● **Work instruction**
Reproduce the records word for word, from the first line to the line containing "Herrenrucksack mit Reißverschluss".

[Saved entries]
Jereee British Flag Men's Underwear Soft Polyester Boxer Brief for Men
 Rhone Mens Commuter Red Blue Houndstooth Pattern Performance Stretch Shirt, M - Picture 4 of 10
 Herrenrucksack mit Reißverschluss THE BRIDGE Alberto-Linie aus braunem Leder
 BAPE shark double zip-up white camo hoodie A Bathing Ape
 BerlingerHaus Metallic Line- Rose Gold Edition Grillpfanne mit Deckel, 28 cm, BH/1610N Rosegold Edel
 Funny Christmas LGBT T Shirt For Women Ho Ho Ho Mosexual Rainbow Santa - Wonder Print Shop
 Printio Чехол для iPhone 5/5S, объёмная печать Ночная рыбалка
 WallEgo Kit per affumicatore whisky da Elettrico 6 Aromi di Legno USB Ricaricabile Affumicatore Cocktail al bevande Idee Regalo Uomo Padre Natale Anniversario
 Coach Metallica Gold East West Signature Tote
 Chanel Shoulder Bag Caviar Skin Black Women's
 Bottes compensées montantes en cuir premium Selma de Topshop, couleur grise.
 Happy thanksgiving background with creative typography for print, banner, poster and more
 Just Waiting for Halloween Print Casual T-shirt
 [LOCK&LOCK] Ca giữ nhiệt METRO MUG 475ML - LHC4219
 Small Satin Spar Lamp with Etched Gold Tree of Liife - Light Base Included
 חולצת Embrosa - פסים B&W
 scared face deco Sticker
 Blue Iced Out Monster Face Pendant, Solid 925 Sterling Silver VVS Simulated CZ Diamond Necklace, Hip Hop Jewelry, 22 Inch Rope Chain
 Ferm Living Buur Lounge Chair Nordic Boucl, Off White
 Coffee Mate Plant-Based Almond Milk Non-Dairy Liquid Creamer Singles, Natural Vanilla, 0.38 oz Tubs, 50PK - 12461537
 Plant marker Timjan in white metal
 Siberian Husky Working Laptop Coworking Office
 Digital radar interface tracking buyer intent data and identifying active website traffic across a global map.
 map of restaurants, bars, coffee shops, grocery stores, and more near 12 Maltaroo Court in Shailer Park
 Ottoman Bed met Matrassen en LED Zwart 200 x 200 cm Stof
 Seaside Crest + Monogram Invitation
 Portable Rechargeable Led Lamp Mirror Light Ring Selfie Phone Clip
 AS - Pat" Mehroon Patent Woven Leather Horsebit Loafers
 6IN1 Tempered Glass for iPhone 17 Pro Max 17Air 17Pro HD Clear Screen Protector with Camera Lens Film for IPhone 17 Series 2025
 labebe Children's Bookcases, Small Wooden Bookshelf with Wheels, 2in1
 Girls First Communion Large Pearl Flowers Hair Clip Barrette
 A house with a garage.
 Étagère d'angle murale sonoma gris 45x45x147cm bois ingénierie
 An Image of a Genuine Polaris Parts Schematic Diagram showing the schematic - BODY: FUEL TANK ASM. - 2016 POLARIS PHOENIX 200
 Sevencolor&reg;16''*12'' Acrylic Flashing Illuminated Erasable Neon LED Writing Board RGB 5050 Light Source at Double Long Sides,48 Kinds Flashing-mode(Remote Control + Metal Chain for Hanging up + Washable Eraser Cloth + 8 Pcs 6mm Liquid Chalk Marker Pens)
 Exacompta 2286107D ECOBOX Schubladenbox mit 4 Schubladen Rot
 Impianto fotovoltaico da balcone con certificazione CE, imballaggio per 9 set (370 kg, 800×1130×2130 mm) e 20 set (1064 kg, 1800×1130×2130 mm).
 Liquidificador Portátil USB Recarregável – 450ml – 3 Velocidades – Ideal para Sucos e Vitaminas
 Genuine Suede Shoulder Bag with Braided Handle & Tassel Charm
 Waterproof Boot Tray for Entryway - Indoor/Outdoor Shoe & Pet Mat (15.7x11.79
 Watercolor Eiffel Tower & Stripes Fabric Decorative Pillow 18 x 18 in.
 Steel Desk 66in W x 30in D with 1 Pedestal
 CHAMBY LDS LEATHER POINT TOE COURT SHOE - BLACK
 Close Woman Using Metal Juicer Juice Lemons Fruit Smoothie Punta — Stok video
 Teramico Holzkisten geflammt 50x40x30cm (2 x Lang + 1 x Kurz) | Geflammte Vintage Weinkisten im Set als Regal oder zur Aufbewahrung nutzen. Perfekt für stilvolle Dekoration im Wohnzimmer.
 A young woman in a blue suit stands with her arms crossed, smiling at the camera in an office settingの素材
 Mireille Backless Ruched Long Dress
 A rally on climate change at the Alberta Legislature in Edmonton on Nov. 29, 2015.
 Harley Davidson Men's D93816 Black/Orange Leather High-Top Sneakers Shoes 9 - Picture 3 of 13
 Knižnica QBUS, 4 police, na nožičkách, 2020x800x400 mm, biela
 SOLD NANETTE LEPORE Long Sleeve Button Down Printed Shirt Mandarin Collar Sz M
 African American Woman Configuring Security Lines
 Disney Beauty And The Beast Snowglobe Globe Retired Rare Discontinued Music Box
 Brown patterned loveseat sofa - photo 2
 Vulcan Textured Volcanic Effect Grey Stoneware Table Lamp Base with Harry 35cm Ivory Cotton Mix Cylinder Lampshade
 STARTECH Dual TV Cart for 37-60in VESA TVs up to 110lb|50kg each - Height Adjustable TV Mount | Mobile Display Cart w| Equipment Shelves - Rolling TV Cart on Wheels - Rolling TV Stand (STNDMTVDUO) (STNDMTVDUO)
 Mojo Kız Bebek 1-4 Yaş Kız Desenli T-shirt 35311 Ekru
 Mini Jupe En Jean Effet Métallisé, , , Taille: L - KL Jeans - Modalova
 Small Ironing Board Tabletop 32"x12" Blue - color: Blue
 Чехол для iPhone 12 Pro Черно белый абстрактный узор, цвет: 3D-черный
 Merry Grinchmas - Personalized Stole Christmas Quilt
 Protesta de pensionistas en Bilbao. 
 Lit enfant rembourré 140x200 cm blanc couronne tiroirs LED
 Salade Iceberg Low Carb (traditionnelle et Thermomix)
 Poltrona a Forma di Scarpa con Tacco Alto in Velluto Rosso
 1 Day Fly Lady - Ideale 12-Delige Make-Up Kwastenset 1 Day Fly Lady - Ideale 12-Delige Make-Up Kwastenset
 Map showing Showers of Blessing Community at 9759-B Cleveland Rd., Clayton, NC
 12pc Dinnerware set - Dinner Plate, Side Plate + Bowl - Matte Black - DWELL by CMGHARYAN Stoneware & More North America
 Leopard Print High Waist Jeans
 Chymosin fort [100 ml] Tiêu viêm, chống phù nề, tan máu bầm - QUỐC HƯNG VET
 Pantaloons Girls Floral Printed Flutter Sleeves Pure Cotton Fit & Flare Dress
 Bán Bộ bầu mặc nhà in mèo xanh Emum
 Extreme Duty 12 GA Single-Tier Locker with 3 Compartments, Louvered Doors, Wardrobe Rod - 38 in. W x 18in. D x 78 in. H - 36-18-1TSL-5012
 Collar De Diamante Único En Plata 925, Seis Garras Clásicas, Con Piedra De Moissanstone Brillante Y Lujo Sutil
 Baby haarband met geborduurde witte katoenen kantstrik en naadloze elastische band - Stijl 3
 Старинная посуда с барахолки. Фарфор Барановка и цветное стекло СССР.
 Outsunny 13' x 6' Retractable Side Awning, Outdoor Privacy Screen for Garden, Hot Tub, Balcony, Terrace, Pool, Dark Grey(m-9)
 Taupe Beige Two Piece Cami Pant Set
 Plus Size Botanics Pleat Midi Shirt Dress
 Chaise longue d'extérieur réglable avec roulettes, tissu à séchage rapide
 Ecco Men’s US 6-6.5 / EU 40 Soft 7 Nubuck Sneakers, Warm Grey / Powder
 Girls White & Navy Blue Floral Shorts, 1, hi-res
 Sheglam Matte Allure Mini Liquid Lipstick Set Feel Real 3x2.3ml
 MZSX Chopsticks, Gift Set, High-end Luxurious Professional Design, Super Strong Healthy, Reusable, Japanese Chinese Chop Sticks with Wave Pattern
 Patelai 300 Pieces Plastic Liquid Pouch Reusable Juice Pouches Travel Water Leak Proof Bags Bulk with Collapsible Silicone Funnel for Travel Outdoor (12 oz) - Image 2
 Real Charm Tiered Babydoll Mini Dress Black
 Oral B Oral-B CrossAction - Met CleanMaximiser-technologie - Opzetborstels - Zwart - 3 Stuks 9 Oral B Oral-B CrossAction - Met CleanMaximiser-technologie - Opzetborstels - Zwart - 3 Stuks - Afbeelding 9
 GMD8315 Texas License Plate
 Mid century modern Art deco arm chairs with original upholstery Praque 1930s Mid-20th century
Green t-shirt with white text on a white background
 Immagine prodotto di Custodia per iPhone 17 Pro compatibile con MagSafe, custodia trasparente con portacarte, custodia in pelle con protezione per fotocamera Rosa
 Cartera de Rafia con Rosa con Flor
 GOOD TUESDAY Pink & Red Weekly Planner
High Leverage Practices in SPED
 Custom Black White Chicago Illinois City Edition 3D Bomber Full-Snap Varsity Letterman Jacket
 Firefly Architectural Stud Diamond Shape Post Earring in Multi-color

● **Answer area**
Jereee British Flag Men's Underwear Soft Polyester Boxer Brief for Men
 Rhone Mens Commuter Red Blue Houndstooth Pattern Performance Stretch Shirt, M - Picture 4 of 10
 Herrenrucksack mit Reißverschluss THE BRIDGE Alberto-Linie aus braunem Leder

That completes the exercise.